Toutes les interactions clients ne méritent pas d'être mémorables
Une interaction client réussie n'a pas toujours vocation à laisser une trace. Pour les démarches simples, la meilleure expérience est souvent celle qui demande si peu d'effort qu'on l'oublie aussitôt.
Dans son étude The Forces of Customer Experience 2026, Ipsos observe que près de la moitié des interactions clients sont neutres et ne laissent aucun souvenir particulier.
Je pense que c’est très bien comme ça !
Demander une facture, modifier une adresse ou récupérer un justificatif ne devrait pas devenir une expérience. Le client veut simplement que ça fonctionne, vite et sans effort.
Prenons un cas banal. Un couple vit à la même adresse, mais les deux personnes portent des noms différents. L’une demande un document attaché au contrat de l’autre. Les règles de protection des données imposent certaines vérifications.
Si le parcours est bien conçu, la contrainte reste presque invisible. Sinon, le client apprend qu’il n’est pas le bon titulaire, doit recommencer sa demande puis fournir une nouvelle information.
L’entreprise respecte les mêmes règles dans les deux cas. Dans le second, elle fait simplement porter au client le poids de sa propre organisation.

Cessons de vouloir enrichir chaque contact
Certains services clients continuent à empiler les étapes: questions imposées par le script, proposition commerciale, vérification supplémentaire, annonce de l’enquête de satisfaction.
Chaque étape a probablement (plus ou moins) une justification interne. Ensemble, elles transforment une demande simple en échange inutilement long.
Même chose avec les transferts. Pour l’entreprise, ils correspondent à une organisation logique des compétences. Pour le client, ils signifient attendre une deuxième fois et répéter son problème !
La spécialisation interne n’a aucune valeur pour lui. Il mesure uniquement l’effort demandé.
Ipsos place justement la certitude, le contrôle et le sentiment d’être traité équitablement parmi les fondamentaux de l’expérience client. C’est exactement cela : des fondamentaux.
Quand ils sont présents, personne ne s’extasie. Quand ils disparaissent, le client s’en souvient.
Tous les moments ne se valent pas
Une copie de facture et un prélèvement rejeté peuvent représenter deux opérations très simples côté entreprise. Côté client, elles n’ont rien d’équivalent.
Un prélèvement rejeté peut signifier un découvert, des frais ou une situation financière inconfortable que le client n’a aucune envie d’expliquer.
Dans ce type de moment, l’entreprise doit être présente, humaine.
Les sujets liés à l’argent, au produit, au confort ou à une situation personnelle sensible méritent davantage d’attention et de flexibilité. Les premiers contacts aussi, une première mauvaise expérience installe très vite le doute sur tout ce qui suivra.
C’est ici qu’un "bon" service client peut réellement faire la différence: comprendre vite, éviter les transferts, prendre le sujet en charge jusqu’au bout et adapter l’échange à ce que vit le client.
Pas besoin de transformer chaque appel en moment exceptionnel.
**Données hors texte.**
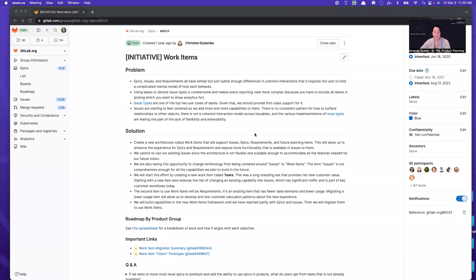Hello, everybody. I'm Amanda Rueda, and I am a Senior Product Manager at GitLab working in the plan stage and focused on planning. I want to walk you through how I use GitLab features in my planning process as a product manager. And specifically for this video, I'm going to focus on decomposition of large initiatives or features using GitLab epics.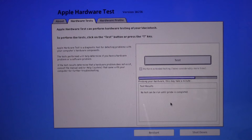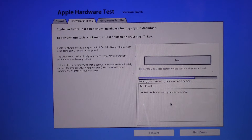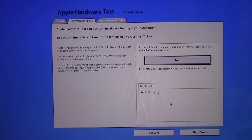On a shutdown Mac, start up holding the D key on the keyboard. When Apple Diagnostics recognizes your language, it displays a progress bar indicating that it's checking your Mac. Checking your Mac takes two or three minutes. If any issues are found, Apple Diagnostics suggests solutions and provides reference codes. Take note of the reference codes before continuing. You may choose to repeat the test.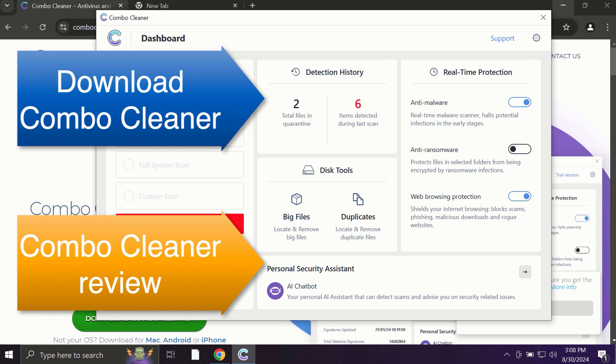Use ComboCleaner for cleaning your system and for protecting your system against all types of malware.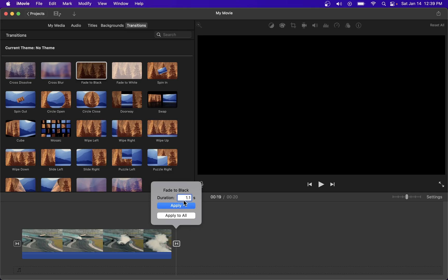That's pretty much everything there is to fading a video clip in and out in iMovie.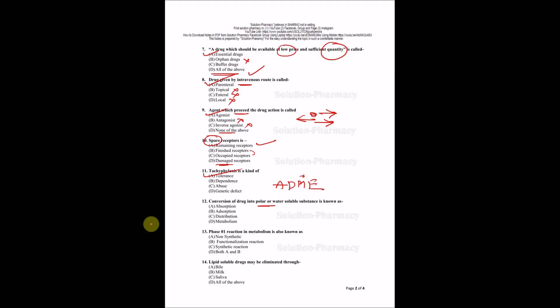There is an ADME process as we have studied. Here M is representing metabolism. In case of metabolism, it is trying to convert non-polar substance into polar substance, or lipid soluble substance into water soluble substance, so that it may get excreted from our body. Options are absorption, adsorption, distribution, and metabolism. Absorption and adsorption are given just to make you confused. The right answer is metabolism.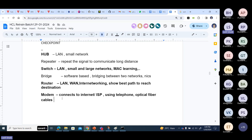So these are the basic things about each device. If someone asks you about networking devices, the answer is: Hub, Switch, Router, and Modem — these four are the main basic networking devices.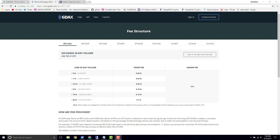In this video we're going to take a look at makers and takers on the GDAX platform. Makers and takers are important because when you place an order and your trade executes, you are going to be placed into one of two categories — you're going to be a maker or a taker — and depending on which one you are, it's going to determine how much you are charged to place a trade on the GDAX exchange.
Il faut être bon quand cela compte réellement.

La CSAT ne voit pas tout
Cette hiérarchie des interactions pose aussi un problème de mesure.
Le client qui voulait une réponse en trente secondes et qui l’a obtenue n’a souvent aucune envie de répondre à une enquête de satisfaction. Son expérience idéale était justement de passer à autre chose.
À l’inverse, les expériences très positives ou très négatives poussent davantage à s’exprimer.
Une CSAT moyenne mélange donc des situations qui n’avaient ni la même importance ni les mêmes attentes.
Ipsos observe d’ailleurs un écart très fort entre les clients simplement satisfaits sur le plan fonctionnel et ceux qui développent un attachement émotionnel: dans l’étude, l’indice de rétention passe de 53 à 77 et le NPS de 31 à 67.
La bonne conclusion n’est pas qu’il faut créer de l’émotion partout, c’est qu’un service client mature doit savoir où investir son énergie.
Sur les démarches ordinaires: moins d’étapes, moins d’attente, moins d’effort.
Sur les moments importants: plus d’attention, plus d’autonomie et plus d’humain.
Créer de l’enchantement au bon moment. Le reste du temps, savoir humblement se faire oublier.